** Task item **
Among the entries that follow, locate the line with "La Universidad Simon" and the line with "Load image into". Output those lines and all lines in between, exactly, minus the pictures.

--- Data for the task Enclosed Below ---

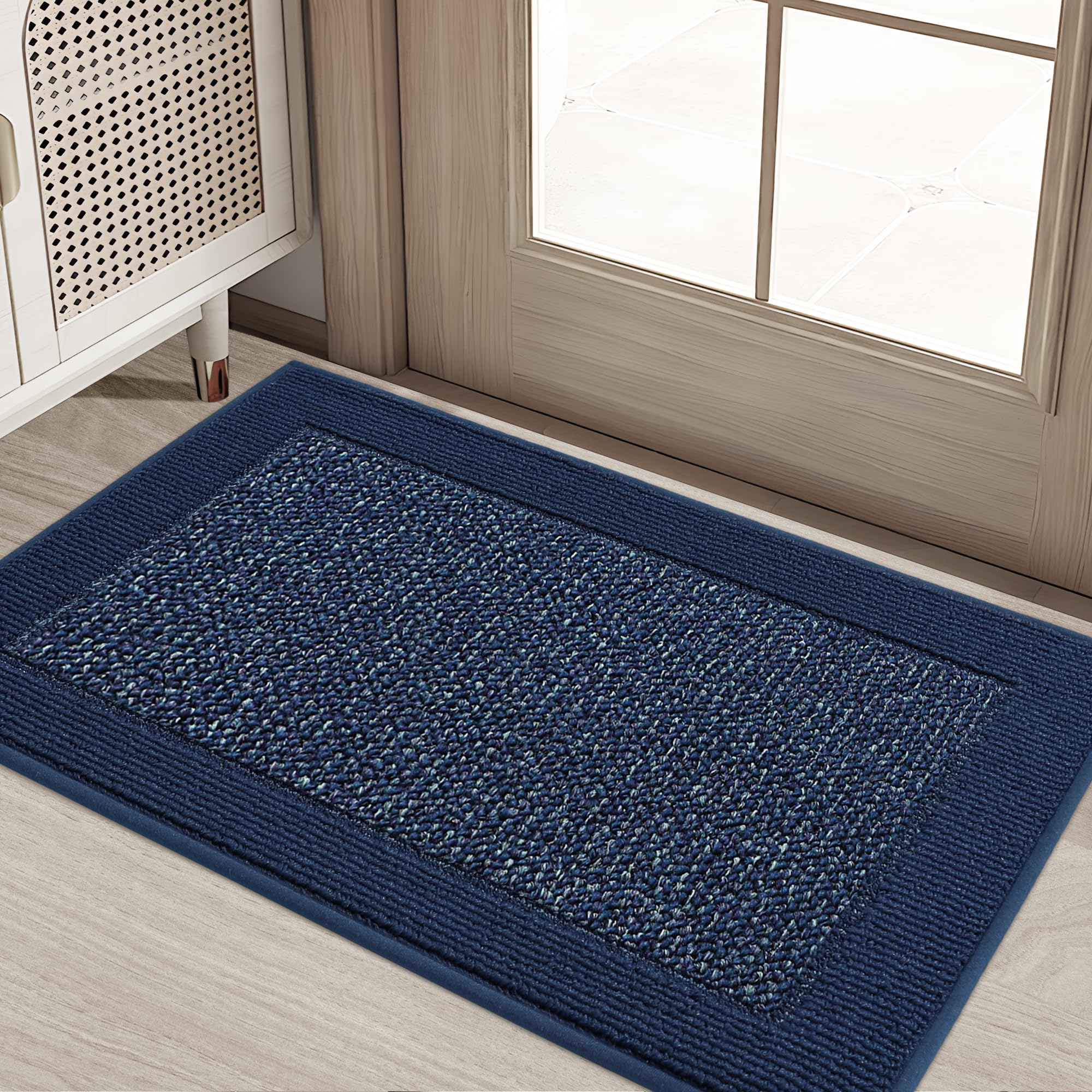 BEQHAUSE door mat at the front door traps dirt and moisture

--- End of Enclosed Data for the task ---
--- Data for the task Enclosed Below ---

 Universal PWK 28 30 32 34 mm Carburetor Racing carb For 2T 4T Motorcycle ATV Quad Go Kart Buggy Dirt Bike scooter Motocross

--- End of Enclosed Data for the task ---
--- Data for the task Enclosed Below ---

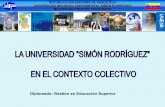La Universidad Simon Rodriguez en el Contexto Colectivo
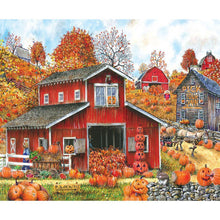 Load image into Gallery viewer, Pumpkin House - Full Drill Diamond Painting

--- End of Enclosed Data for the task ---

** Solution to this problem **
La Universidad Simon Rodriguez en el Contexto Colectivo
 Load image into Gallery viewer, Pumpkin House - Full Drill Diamond Painting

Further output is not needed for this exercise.